Given the enormous qualitative similarity between the yielding transition and the depinning transition (no-flow to flow when overcoming a critical threshold of external drive) people were tempted to categorize them in the same family of dynamical phenomena. Nevertheless, the differences among these two out-of-equilibrium transitions are not minor and forcing the analogy beyond its boundaries can constitute a misstep.
In the PSM group in Grenoble and in collaboration with our colleagues in Paris and Bariloche we are  to digging into the similarities and differences between these two phenomena, trying to address questions such as: Are yielding and depinning essentially the same dynamical phase transition? Shall we extrapolate the knowledge on depinning to the yielding scenario by mapping one to one physical quantities? To which extent should we expect universality in the yielding transition? Is there an equivalence between stress-driven and strain-driven protocols? How should we address them in simplified models? Which are the relevant transport properties of driven amorphous solids? Are they linked to geometrical properties as in elastic manifolds?

4. Relaxation in amorphous systems
In collaboration with: Kirsten Martens and Jean-Louis Barrat
We study consequences of long-range elasticity in thermally assisted dynamics of yield stress materials. Within a two-dimensional mesoscopic model we calculate the mean-square displacement and the dynamical structure factor for tracer particle trajectories. We associate a ballistic regime at short time scales with a compressed exponential decay in the dynamical structure factor, and contrast our results with experimental findings.

5. 2D and 3D parallel kinetic Monte Carlo simulation of Coulomb glasses

In collaboration with: Matteo Palassini and Alejandro Kolton
We developed a parallel rejection algorithm to tackle the problem of low acceptance in Monte Carlo methods, and apply it to the simulation of the hopping conduction in Coulomb glasses using Graphics Processing Units, for which we also parallelize the update of local energies. Both in 2D and 3D we study the temperature dependence of the conductivity at low fields, and characterize the “Coulomb gap” of the density of states. The final goal of the project is to upgrade the model to study transport on nano-arrays of metals and semiconductors embedded in insulating media.

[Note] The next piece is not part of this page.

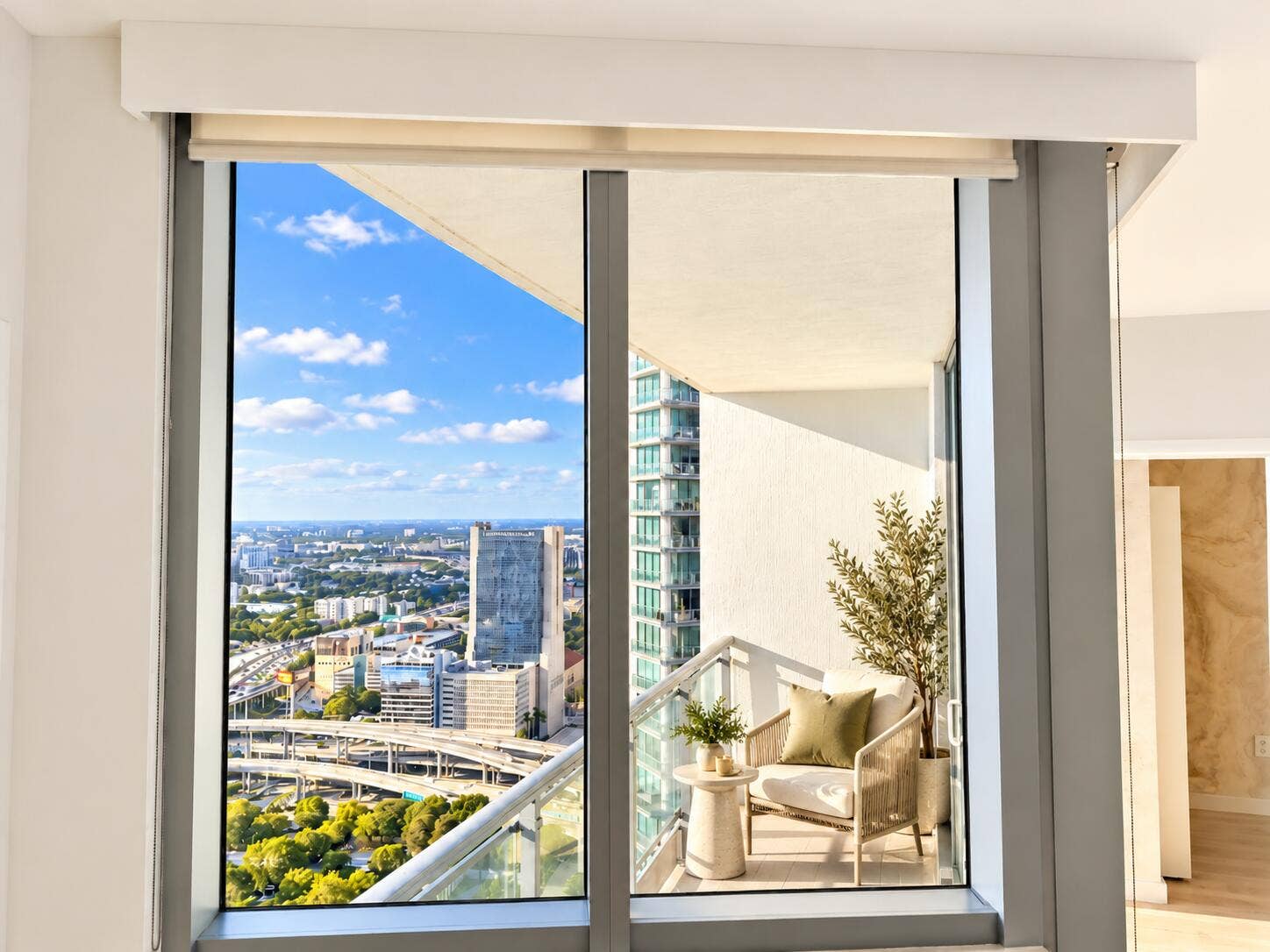 92 SW 3rd Street, #4006, Miami, Miami, FL 33130 Digitally staged (7a)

6. Plastic effects at the depinning transition
In collaboration with: Sebastián Bustingorry and Alejandro Kolton
Using a 2D Phi4 model we simulate a single interface in a 2D disorder potential, subject either to constant force or constant velocity protocols. In contrast with effectively elastic models like the QEW, this approach allows for the occurrence of overhangs and bubbles close to the interface, what is observed in experiments.

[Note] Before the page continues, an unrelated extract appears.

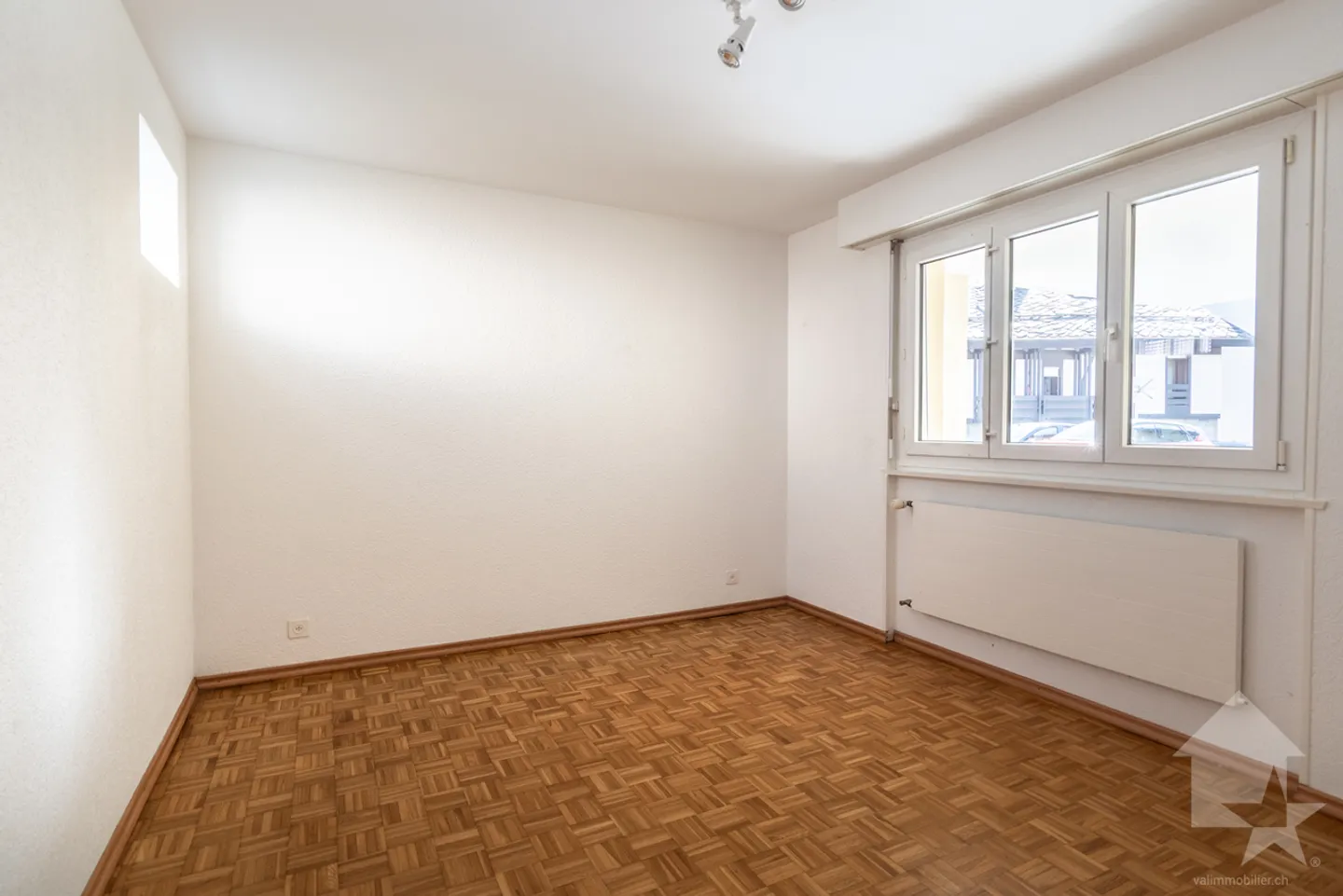 Collombey, Dorfhaus mit Terrasse und Garage - Foto 10 von 11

7. Topological patterns in ferromagnetic and ferroelectric thin films
In collaboration with: Sebastián Bustingorry and Alejandro Kolton
Using a 2D Phi4 model with long-range interactions and a pseudo-spectral method, we simulate the dynamics and statics of stripes, bubbles and dislocations according to the strength of the different interactions and external applied fields. These studies are developed in collaboration with experiments.